* EXERCISE DETAILS: Restate the lines word for word, from the one containing "Braun TexStyle 3" through the last line of the entries below, without any other lines.

* DATA RECORDS:
== Segment start ==

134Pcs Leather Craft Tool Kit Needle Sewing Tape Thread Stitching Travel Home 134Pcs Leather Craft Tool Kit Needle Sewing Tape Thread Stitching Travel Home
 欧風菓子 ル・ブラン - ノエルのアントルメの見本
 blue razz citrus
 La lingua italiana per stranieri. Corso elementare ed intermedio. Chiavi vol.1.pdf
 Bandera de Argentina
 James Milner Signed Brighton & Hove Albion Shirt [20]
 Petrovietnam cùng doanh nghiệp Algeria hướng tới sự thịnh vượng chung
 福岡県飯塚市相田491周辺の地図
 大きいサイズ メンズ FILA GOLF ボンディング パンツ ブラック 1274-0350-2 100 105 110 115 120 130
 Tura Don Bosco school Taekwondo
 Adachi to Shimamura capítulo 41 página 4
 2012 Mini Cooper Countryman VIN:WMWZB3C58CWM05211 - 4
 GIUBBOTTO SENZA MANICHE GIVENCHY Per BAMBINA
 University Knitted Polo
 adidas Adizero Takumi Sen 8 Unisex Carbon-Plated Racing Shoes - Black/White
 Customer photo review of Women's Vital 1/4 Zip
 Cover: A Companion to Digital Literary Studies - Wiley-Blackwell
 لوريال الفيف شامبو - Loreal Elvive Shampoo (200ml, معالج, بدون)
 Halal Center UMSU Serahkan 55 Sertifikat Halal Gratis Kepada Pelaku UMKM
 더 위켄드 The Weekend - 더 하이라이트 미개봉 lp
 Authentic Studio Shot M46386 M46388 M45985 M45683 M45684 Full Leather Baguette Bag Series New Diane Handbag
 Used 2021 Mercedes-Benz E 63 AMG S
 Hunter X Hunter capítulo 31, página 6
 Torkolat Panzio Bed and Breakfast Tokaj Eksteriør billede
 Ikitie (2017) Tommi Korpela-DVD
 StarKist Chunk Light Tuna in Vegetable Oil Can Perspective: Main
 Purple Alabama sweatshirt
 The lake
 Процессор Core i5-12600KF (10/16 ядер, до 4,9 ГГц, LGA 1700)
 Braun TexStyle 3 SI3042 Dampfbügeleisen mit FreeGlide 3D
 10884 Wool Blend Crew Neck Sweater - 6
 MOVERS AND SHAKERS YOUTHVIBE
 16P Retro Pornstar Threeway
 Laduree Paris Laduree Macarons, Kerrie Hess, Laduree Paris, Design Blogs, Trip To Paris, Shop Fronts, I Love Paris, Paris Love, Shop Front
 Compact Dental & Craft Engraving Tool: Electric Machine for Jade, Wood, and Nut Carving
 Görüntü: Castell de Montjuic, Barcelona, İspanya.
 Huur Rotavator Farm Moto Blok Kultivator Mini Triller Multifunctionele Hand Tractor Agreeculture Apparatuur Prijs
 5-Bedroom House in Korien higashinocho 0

== Segment end ==

* EXERCISE RESPONSE:
 Braun TexStyle 3 SI3042 Dampfbügeleisen mit FreeGlide 3D
 10884 Wool Blend Crew Neck Sweater - 6
 MOVERS AND SHAKERS YOUTHVIBE
 16P Retro Pornstar Threeway
 Laduree Paris Laduree Macarons, Kerrie Hess, Laduree Paris, Design Blogs, Trip To Paris, Shop Fronts, I Love Paris, Paris Love, Shop Front
 Compact Dental & Craft Engraving Tool: Electric Machine for Jade, Wood, and Nut Carving
 Görüntü: Castell de Montjuic, Barcelona, İspanya.
 Huur Rotavator Farm Moto Blok Kultivator Mini Triller Multifunctionele Hand Tractor Agreeculture Apparatuur Prijs
 5-Bedroom House in Korien higashinocho 0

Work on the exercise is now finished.